Da Roma partono istantanee anche le repliche dell’opposizione: «Ridere di noi? Frattini come al solito non capisce: Sarkozy non ride degli italiani, ride di Berlusconi», afferma la parlamentare del Pd Pina Picierno. Mentre la presidente di Confindustria, Emma Marcegaglia, definisce «inaccettabili» i sorrisi di Merkel e Sarkozy. E Antonio Di Pietro critica anch’egli Sarkozy.
La polemica nazionale arriva però sfocata nella Bruxelles così lontana (e insieme così vicina) di questi giorni, nelle sale dei palazzi Ue dove si prepara il vertice di domani. E dove l’Italia è attesa da richieste a dir poco perentorie sulle sue prossime misure per la crescita economica: così come altri Paesi, del resto. Perché proprio il concetto di crescita — forse più ancora del consolidamento dei bilanci o della riduzione del debito — sta emergendo ormai come la parola d’ordine di questo vertice «allungato». Con l’Italia, la Commissione Europea è tornata alla carica anche ieri mattina. Il messaggio chiaro e tondo è che al vertice di domani non basteranno vaghe dichiarazioni di principio, ma ci vorranno «dati, fatti, cifre, un’agenda completa con un calendario preciso»: non tanto sulle pensioni, che non sarebbero oggi nell’agenda di Bruxelles, ma su «un pacchetto completo di riforme, che comprenda misure su crescita, occupazione e riforma della giustizia». Ci si aspettano anche parole inequivocabili sulle privatizzazioni. L’assedio è tosto ed è sotto gli occhi di tutti, lo stesso Frattini ammette: «Credo che la leadership del presidente del Consiglio in queste ore vada aiutata a essere all’altezza di quello che è l’interesse dell’Italia… Al vertice di mercoledì l’Italia deve poter esprimere una posizione chiara sulle linee guida di un provvedimento per la crescita». Diversamente, «avrebbero ragione coloro che parlano di una solita Italia che arriva sempre tardi e io non voglio questo tipo di umiliazioni».

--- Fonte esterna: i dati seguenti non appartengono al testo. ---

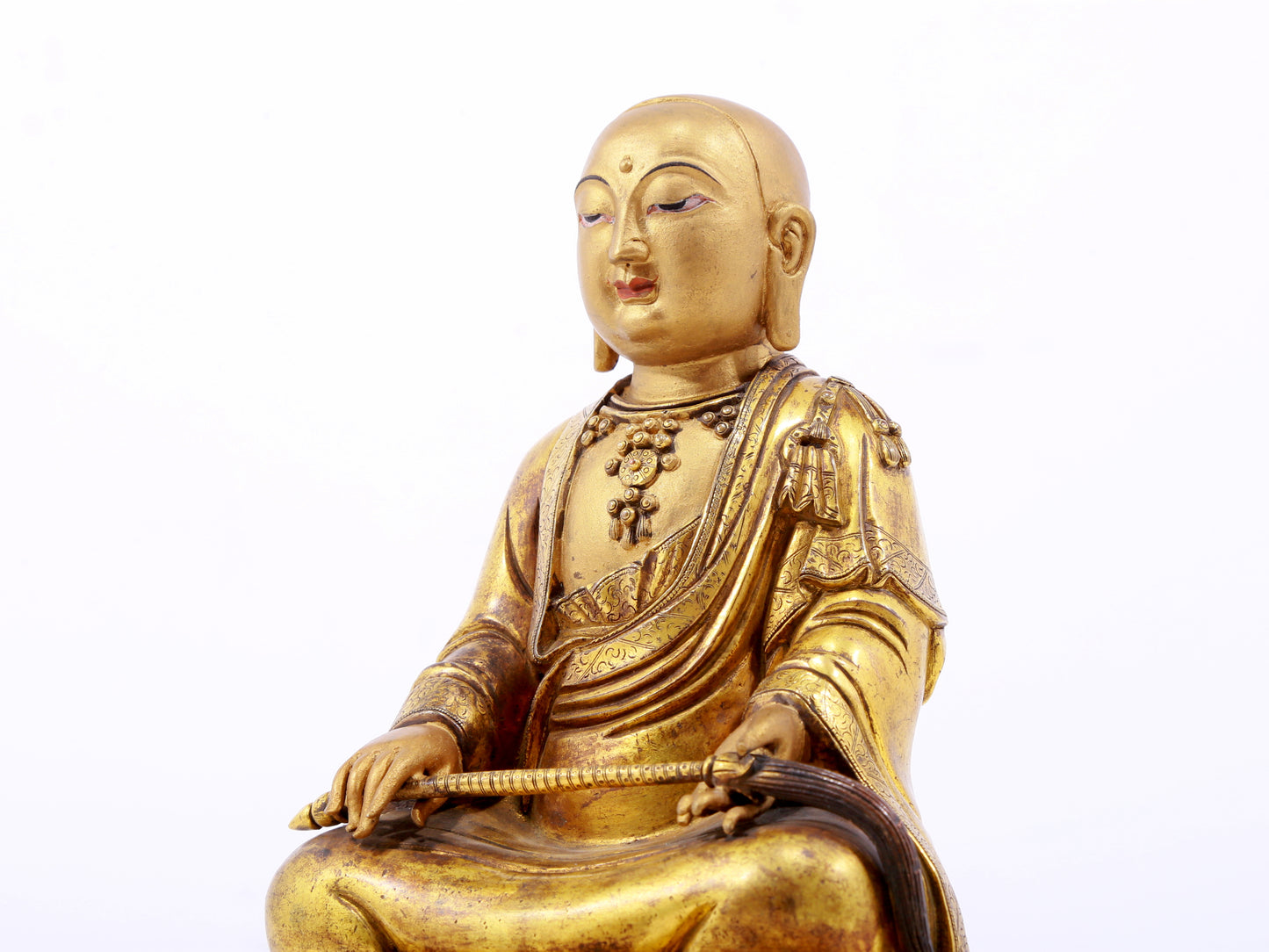 A serene gilt bronze statue of the master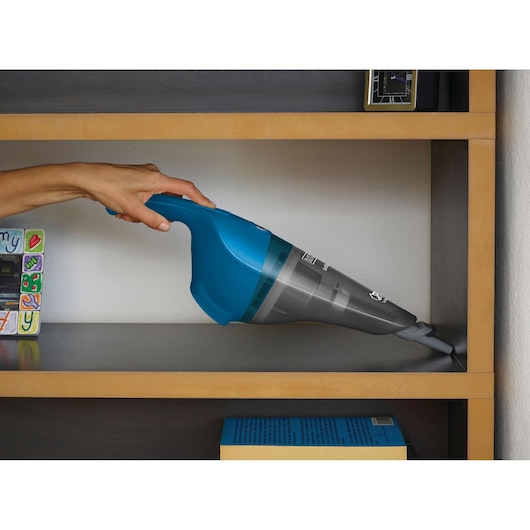 BLACKDECKER WDB215WA handheld vacuum cleaner in blue used to clean a wooden shelf.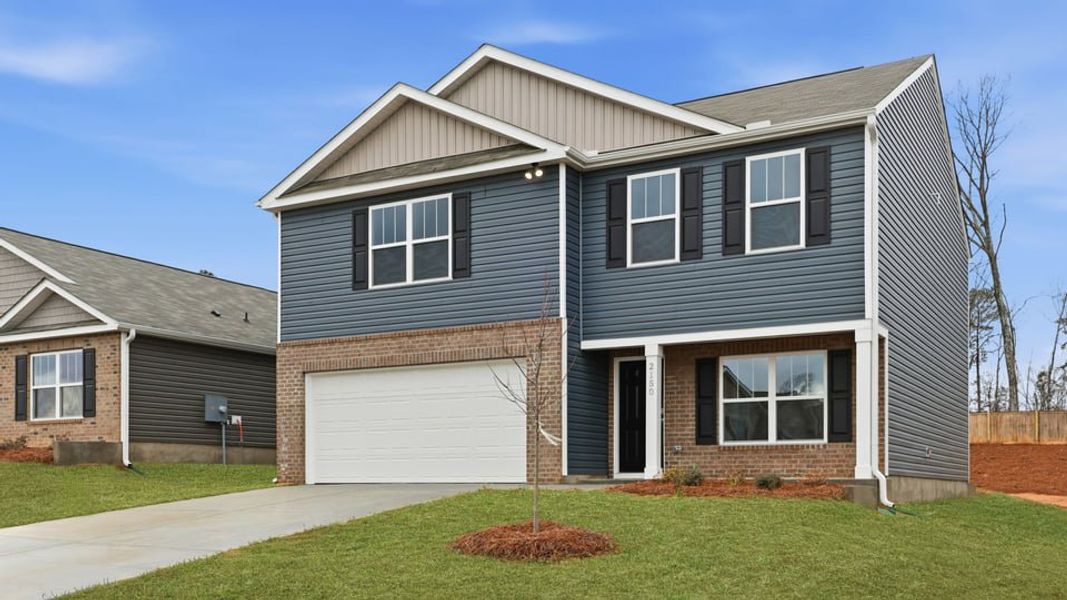 Front exterior of a new home in Harrier Point, Woodruff, SC, highlighting curb appeal (Image 2). Front exterior of a new home in Harrier Point, Woodruff, SC, highlighting curb appeal (Image 2).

Ma intanto, dalla stampa francese, rimbalza una voce inquietante: la Ue preparerebbe un intervento del Fondo salva-Stati a favore dell’Italia, e non più solo della Grecia; si parla delle cosiddette «aperture di credito precauzionali», prestiti ipotizzati fra il 2 e il 10% dei Pil nazionali. La Commissione Europea smentisce recisamente. Ma la voce continua a circolare. Così insistente, e così «francofona», da far pensare a una forma mascherata di pressione, esercitata da Oltralpe. Ma qualcosa ha detto anche il presidente uscente della Banca centrale europea, Jean-Claude Trichet: «I Paesi indebitati meritano un’opportunità … Ma se continuano a essere inadempienti, allora si deve immaginare un intervento diretto delle istituzioni europee».